This lightning thing.. ya folks gotta remember, not all us hams live in the
`lectric circle ... I don't, and I don't even consider lightning in my
antenna situations here in Far Northern Coastal California .. Not to say we
don't get any, but really not of concern aerial wise .. Now, when I lived in
the Washington DC area .. ahhhhhhhhhhhhh ... Not sure about my 2 year stint
in KL7 .. I was too bizzy when up there to take any special precautions, and
never had a prob.... 73, Mark AA6DX
----- Original Message -----
From: "Jon Ogden" <firstname.lastname@example.org>
To: "Roger Borowski" <K9RB@bellsouth.net>; "z-TowerTalk"
Sent: Thursday, January 16, 2003 9:27 PM
Subject: Re: [Towertalk] Newbie Question!!!

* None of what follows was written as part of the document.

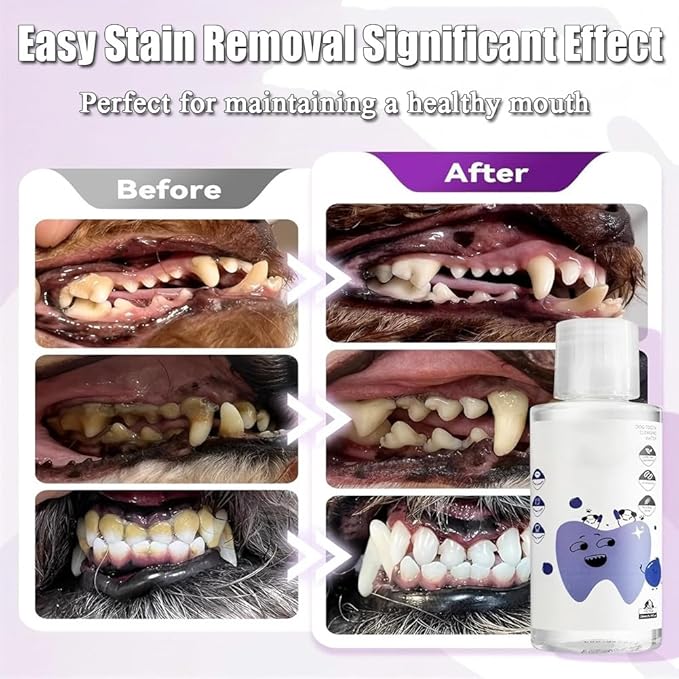 Dental Water Additive, Specialized Dental Care Formula, Fresh Dental Water Additive for Dogs, Natural Flavorless Teeth Cleaning Mouthwash, Freshen Dog Breath, Promote Healthy Gums(2PCS)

> I'll agree that grounding on a roof tower is much more difficult and
> structurally, there's some work that must be paid attention too. But that
> structural work is not any more difficult than building a rebar cage for a
> free standing tower.
> The grounding is more difficult, but you can do pretty well by running
> several ground straps from the tower to ground. Not ideal, no but good
> enough - likely. A lot of guys have their towers right next to their
> houses. Either on the house or beside it, there's not going to be much
> difference in a direct strike.
> And finally, a roof tower, really doesn't have to go that far about the
> roof. If one's house is 30 feet at the peak, then a 34 foot tower as in
> this guy's case will put the antennas about 4 feet above the roof line.
> can do the same with the smallest of the Glenn Martin roof towers. Most
> people have TV antennas higher on their roofs than what you could end up
> with a ham antenna. And generally the TV antennas have crap for ESD
> Yes, there are tradeoffs and common sense must be used.